We truly are creatures of habits: good, bad, useful, unnecessary, intentional, and default. I've been mulling over this subject for weeks now, wanting to share some things I'm learning. Psychological matters definitely interest me, but I am by no means an expert.


So what precisely is a habit? The author of Human Nature and Conduct, John Dewey says some striking things about habits. (I only listened to a free version of Part 1 of this series.)

All habits are demands for certain kinds of activity, and they constitute the self. They are will. They form our effective desires and they furnish us with our working capacities.

Is he telling us that every habit is literally a part of us, whether it does us good or not? Even the ones we never intended to develop? Indeed, the truth stings just a bit. Our self love and a refusal to face facts cause us to eject the offensive habit from ourselves and view it as an evil power that has overcome us.


This seems a bit rough for me to accept. I have multiple poor habits that I would surely appreciate to pass off on excuses like "we had a stressful late night conversation," "I feel too keyed up to get my chores done," "they won't understand anyway..." and the snooze button gets hit again, the phone stays in my hands, or I stay quiet trying to protect myself. Meanwhile I'm sabotaging my mental wellness because I'm going to beat myself up later for having this "bad habit," yet I'm not willing to own up to the fact these habits developed because I had a lack of will to choose the right thing.


I just might be over my head in this topic already, but I do have a few more things to say. I think there a few good habits that get a bad rap because the idea is maintained that something done habitually is done mindlessly. One example is Bible reading/devotions and prayer. These will never be unbeneficial habits, whether or not they are mindful. There could be much more said about that, but I feel like it would be going off on a tangent from the subject.

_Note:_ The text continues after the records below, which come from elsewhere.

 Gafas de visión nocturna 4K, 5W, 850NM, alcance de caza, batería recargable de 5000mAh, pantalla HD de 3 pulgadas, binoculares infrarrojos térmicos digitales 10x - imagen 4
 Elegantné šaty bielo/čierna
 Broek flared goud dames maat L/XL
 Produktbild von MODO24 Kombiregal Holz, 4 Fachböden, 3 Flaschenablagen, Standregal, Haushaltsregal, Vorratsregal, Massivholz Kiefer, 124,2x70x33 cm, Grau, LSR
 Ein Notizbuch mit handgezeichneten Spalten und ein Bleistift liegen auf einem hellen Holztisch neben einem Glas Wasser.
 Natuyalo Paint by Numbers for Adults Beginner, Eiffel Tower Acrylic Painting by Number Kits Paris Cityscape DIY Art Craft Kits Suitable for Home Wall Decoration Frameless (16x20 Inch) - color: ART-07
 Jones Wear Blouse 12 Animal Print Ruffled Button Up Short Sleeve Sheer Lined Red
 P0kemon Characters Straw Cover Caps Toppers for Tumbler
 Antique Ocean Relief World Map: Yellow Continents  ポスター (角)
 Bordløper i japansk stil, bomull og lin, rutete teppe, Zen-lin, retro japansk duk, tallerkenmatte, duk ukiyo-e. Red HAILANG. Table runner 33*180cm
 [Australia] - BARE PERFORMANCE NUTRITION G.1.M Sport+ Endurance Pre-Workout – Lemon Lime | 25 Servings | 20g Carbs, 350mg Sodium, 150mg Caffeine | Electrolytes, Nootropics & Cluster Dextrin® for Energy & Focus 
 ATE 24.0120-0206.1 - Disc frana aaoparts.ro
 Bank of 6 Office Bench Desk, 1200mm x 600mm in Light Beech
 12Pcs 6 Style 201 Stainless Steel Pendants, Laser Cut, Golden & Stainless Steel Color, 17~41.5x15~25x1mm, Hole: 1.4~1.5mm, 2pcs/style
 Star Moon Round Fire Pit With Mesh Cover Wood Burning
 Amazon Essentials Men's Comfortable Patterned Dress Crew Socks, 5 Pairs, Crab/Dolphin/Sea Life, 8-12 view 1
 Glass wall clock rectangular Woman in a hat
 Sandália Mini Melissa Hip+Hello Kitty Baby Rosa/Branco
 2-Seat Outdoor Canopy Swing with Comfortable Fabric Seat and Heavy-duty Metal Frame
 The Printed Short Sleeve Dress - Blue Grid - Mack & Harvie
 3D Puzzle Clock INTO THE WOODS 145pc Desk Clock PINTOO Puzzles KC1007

Although it was a lack of self-will that brought on the bad habits we possess, it will do us no good to shame ourselves or dwell in guilt. The circumstances surrounding you may have weakened your will, this is true. If such is your case it may take more than your own will to overcome the habit. It's OK to have help, but you still will have a work of your own to do. Yes, it's stuff you've heard before, but it doesn't hurt to have a reminder from time to time!


One more thing, can we practice being grateful for good habits and the ability to perform them? Be glad we have a bed to make, clean laundry to fold and put away, health to maintain? Gratefulness is a proven motivator of the will, and that is a tool I could definitely practice using.


Let's really, mindfully own our habits. Remember they are will, and it will be will that breaks the bad ones and strengthens the good ones.